Short text fragments from websites:
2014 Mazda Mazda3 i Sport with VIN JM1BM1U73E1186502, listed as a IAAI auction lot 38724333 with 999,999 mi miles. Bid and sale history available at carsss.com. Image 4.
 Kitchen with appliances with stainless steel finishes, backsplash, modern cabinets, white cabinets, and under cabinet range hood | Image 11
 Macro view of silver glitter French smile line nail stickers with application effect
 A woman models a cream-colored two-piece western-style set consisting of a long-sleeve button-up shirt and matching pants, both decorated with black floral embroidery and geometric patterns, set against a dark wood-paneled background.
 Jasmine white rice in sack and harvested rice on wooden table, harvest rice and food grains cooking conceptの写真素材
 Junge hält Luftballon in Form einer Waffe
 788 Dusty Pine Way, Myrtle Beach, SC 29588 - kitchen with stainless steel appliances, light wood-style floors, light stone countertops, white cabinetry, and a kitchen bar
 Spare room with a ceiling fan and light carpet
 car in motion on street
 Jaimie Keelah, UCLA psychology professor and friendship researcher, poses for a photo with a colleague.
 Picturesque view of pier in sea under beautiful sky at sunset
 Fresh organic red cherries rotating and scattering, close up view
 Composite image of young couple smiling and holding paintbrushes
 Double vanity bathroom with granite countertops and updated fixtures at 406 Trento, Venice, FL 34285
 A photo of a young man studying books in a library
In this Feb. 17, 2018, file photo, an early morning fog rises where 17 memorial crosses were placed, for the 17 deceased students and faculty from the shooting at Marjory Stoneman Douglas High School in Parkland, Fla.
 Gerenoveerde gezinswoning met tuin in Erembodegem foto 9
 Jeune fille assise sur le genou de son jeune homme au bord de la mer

§ **REQUIRED ACTION**: In the records above, how many lines contain the word "with"? Give the number alone.

§ **WRITTEN SOLUTION**: 8